En application de l’article 10-1 de la loi du 10 juillet 1965, le copropriétaire qui, à l’issue d’une instance judiciaire l’opposant au syndicat, voit sa prétention déclarée fondée par le juge, est dispensé, même en l’absence de demande de sa part, de toute participation à la dépense commune des frais de procédure, dont la charge est répartie entre les autres copropriétaires.
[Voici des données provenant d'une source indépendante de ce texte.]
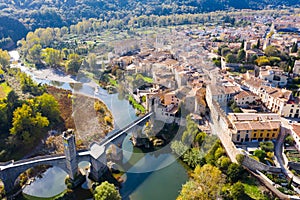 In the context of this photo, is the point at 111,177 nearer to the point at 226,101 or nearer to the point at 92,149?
the point at 92,149

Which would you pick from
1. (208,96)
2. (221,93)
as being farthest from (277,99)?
(208,96)

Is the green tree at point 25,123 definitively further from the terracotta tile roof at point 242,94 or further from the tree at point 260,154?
the terracotta tile roof at point 242,94

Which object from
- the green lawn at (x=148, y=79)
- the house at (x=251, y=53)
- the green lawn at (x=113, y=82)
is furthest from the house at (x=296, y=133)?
the green lawn at (x=113, y=82)

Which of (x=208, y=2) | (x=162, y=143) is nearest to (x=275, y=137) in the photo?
(x=162, y=143)

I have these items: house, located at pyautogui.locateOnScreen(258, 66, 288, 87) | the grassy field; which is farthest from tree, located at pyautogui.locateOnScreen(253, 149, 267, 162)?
the grassy field

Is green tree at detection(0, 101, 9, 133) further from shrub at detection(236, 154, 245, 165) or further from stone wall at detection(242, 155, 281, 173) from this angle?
stone wall at detection(242, 155, 281, 173)

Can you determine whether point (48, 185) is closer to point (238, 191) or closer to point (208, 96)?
point (238, 191) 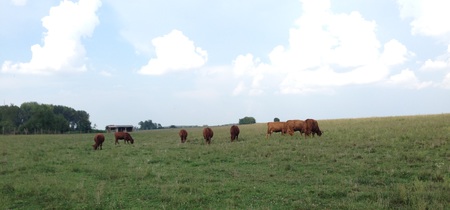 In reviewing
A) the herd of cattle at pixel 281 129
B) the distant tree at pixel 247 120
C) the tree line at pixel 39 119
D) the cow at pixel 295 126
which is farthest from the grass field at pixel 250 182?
the distant tree at pixel 247 120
Le juge peut toutefois en décider autrement en considération de l’équité ou de la situation économique des parties au litige.
Il convient de dispenser de toute participation à la dépense commune des frais de procédure les copropriétaires requérants.
PAR CES MOTIFS
Le tribunal,
Constate l’extinction de l’instance à l’égard de M. [CK] [PD] ;
Déclare irrecevables les fins de non-recevoir invoquées par le syndicat des copropriétaires de l’ensemble immobilier [Adresse 22], située [Adresse 21] à [Localité 9] au titre du défaut de qualité à agir ;
Prononce l’annulation des résolutions n° 4 et n° 5-1 de l’assemblée générale des copropriétaires du 13 octobre 2023 ;
Condamne le syndicat des copropriétaires de l’ensemble immobilier [Adresse 22], située [Adresse 21] à [Localité 9] aux dépens, avec droit de recouvrement direct au profit de Maître Boquet conformément aux dispositions de l’article 699 du code de procédure civile ;
Condamne syndicat des copropriétaires de l’ensemble immobilier [Adresse 22], située [Adresse 21] à [Localité 9] à payer à M. [T] [E] la somme de 1 200 euros au titre de l’article 700 du code de procédure civile ;
Condamne syndicat des copropriétaires de l’ensemble immobilier [Adresse 22], située [Adresse 21] à [Localité 9] à payer à M. [N] [F], Mme [M] [Z] épouse [C], M. [I] [O], Mme [K] [J] veuve [B], Mme [R] [G] épouse [L], M. [P] [VY], M. [CU] [DE], M. [A] [Q], M. [W] [Y],, Mme [U] [D] épouse [S] et Mme [H] [V] épouse [X] la somme de 2 500 euros au titre de l’article 700 du code de procédure civile ;
Dit que M. [T] [E] ; M. [N] [F], Mme [M] [Z] épouse [C], M. [I] [O], Mme [K] [J] veuve [B], Mme [R] [G] épouse [L], M. [P] [VY], M. [CU] [DE], M. [A] [Q], M. [W] [Y],, Mme [U] [D] épouse [S] et Mme [H] [V] épouse [X] seront dispensés de toute participation aux frais de la présente procédure en application de l’article 10-1 de la loi du 10 juillet 1965.
Ainsi fait et jugé à [Localité 10], le 31 mars 2026.